The BBC’s most recent Proms season — the last to be organised by David Pickard — brought widespread praise for many of its concerts and its overall ambition. Yet barely commented on was that only 26 out of the 73 Proms concerts reached our television screens (and only six on the night of the performance), let alone why.

It was during Pickard’s first season eight years ago that I met with him and the head of Radio 3, Alan Davey. I understood that TV channel controllers might be reluctant to schedule classical music, and that even using the iPlayer as an outlet for every Prom not being broadcast would cost the television service significant amounts of money.

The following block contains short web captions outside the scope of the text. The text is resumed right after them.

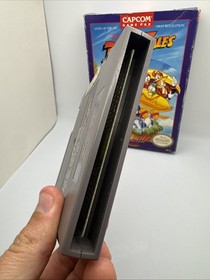 Disney's DuckTales (Nintendo NES) senza manuale - testato, funzionante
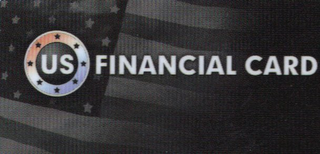 US FINANCIAL CARD logo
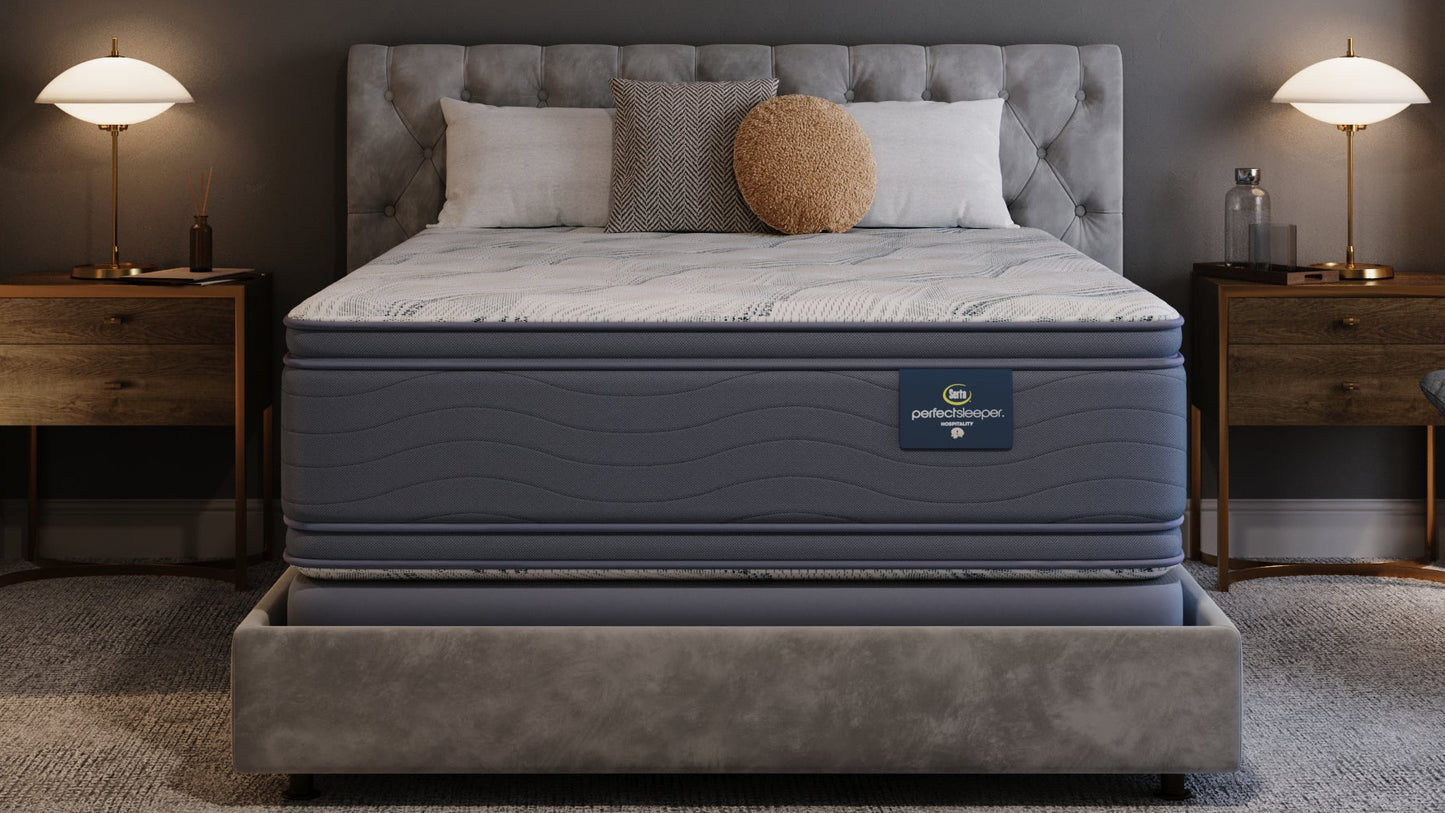 Serta Grand Chateau Pillow Top (Two-Sided)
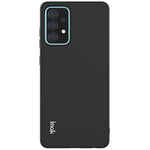 IMAK UC-2 Series Skin-feel blødt TPU telefonbeskyttelsescover til Samsung Galaxy A52 4G/5G / A52s 5G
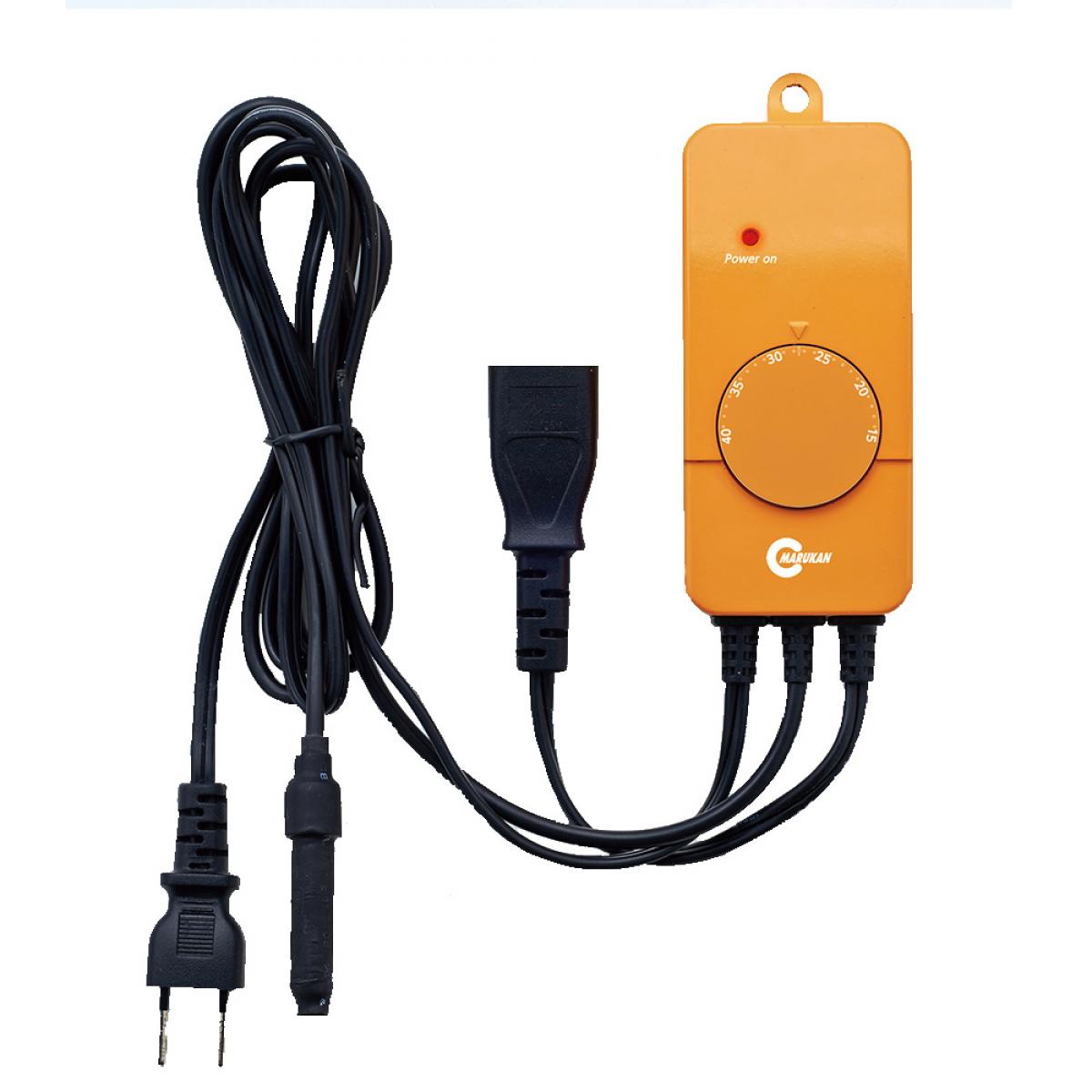 マルカン ミニマルサーモ HD-1 温度管理の必需品(接続可能ヒーター 310W) 保温器具 温度コントロール マルカン ミニマルサーモ HD-1 温度管理の必需品(接続可能ヒーター 310W) 保温器具 温度コントロール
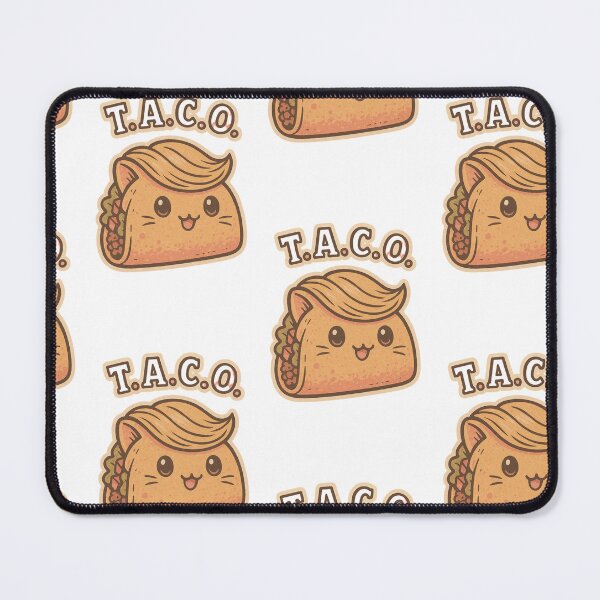 Item preview, Copy of Humorous Taco Character with Lettuce, Tomato, and Meat. Cute Kawaii Taco Cat Character Illustration designed and sold by Anastasiia Yurevych.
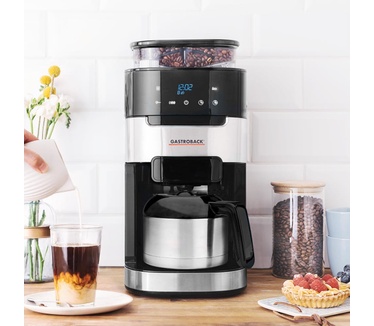 Gastroback Grind & Brew Pro Thermo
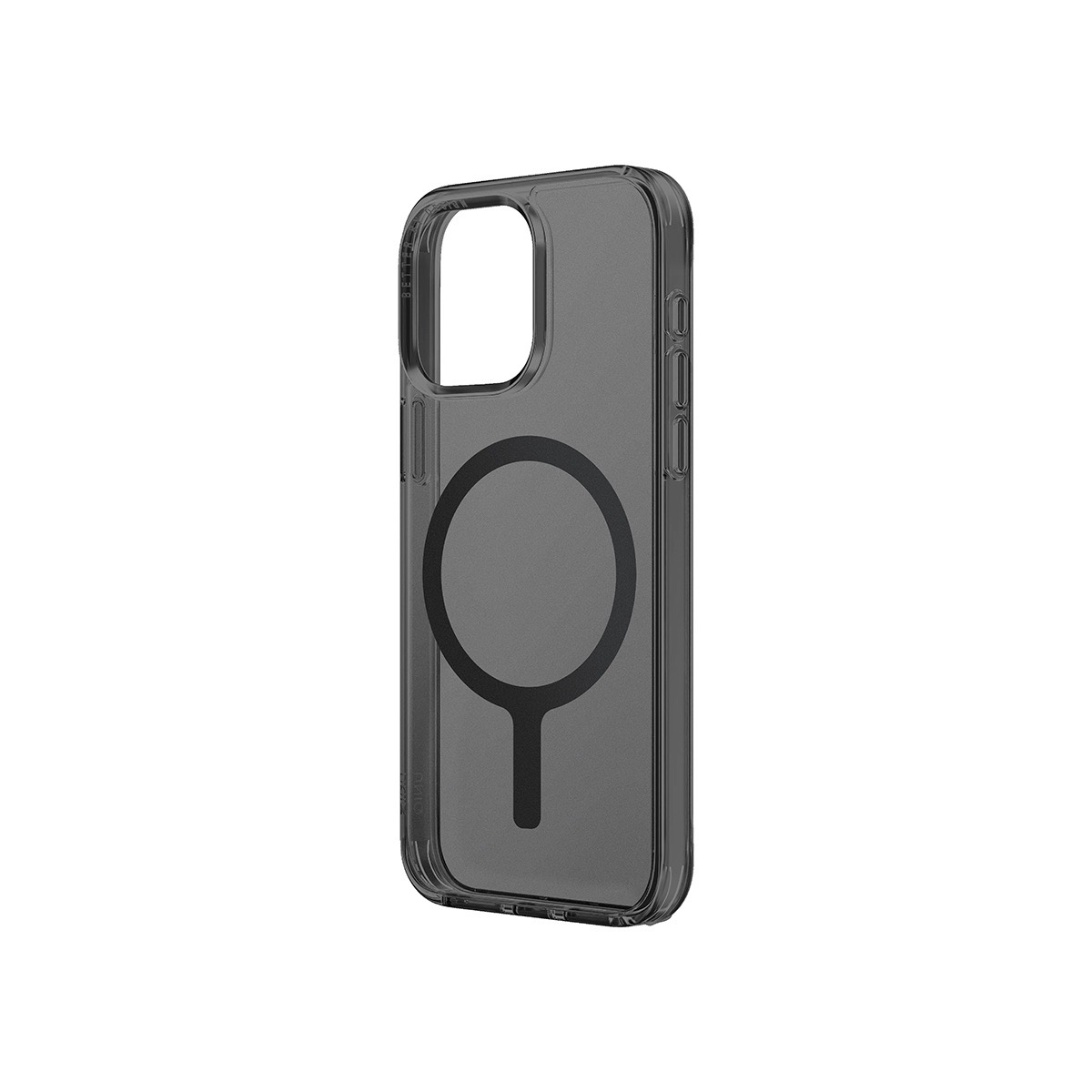 Foto 4 pulgar | Funda Para Iphone 15 Pro Max Humo Matizado Lifepro Xtreme (magclick™) De Uniq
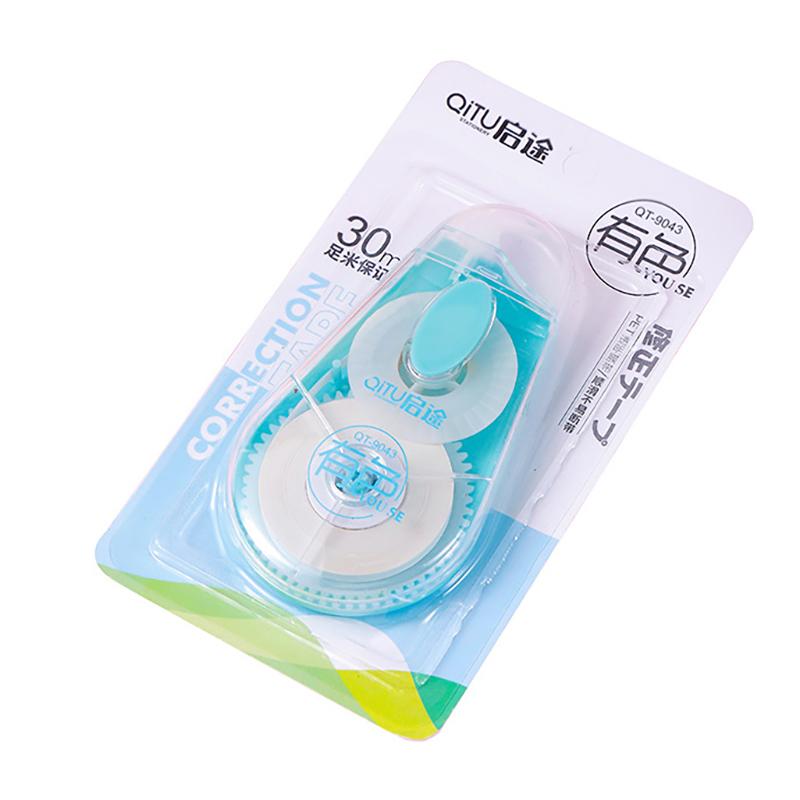 Милая мини-лента для коррекции цвета Morandi Kawaii, сменная маленькая портативная лента для исправления письма, школьные принадлежности, канцелярские принадлежности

However, my production company was willing to fund the cost of live streaming every Prom on the internet in exchange for the right to charge a subscription of, say, £40 to those who wanted access to the entire season, either live or on playback.

For millions of UK households living beyond easy reach of the Royal Albert Hall — and many millions more overseas, especially in the US — such a service would hugely expand access to the Proms. I said BBC TV would be welcome to broadcast as many Proms as it wished at no extra cost to the television service. Understandably, Pickard and Davey were enthusiastic. Every Prom was already broadcast live on Radio 3: this would be a big opportunity to enlarge the audience at no cost to the BBC.

I received no response, either that year or subsequently when the Proms duo invited me back for further discussion. No reason was ever given for refusing my offer. But it was obvious to anyone who understood the BBC’s deep aversion to the whole idea of subscription funding what underlay the silence. What the BBC feared was that my proposal might succeed.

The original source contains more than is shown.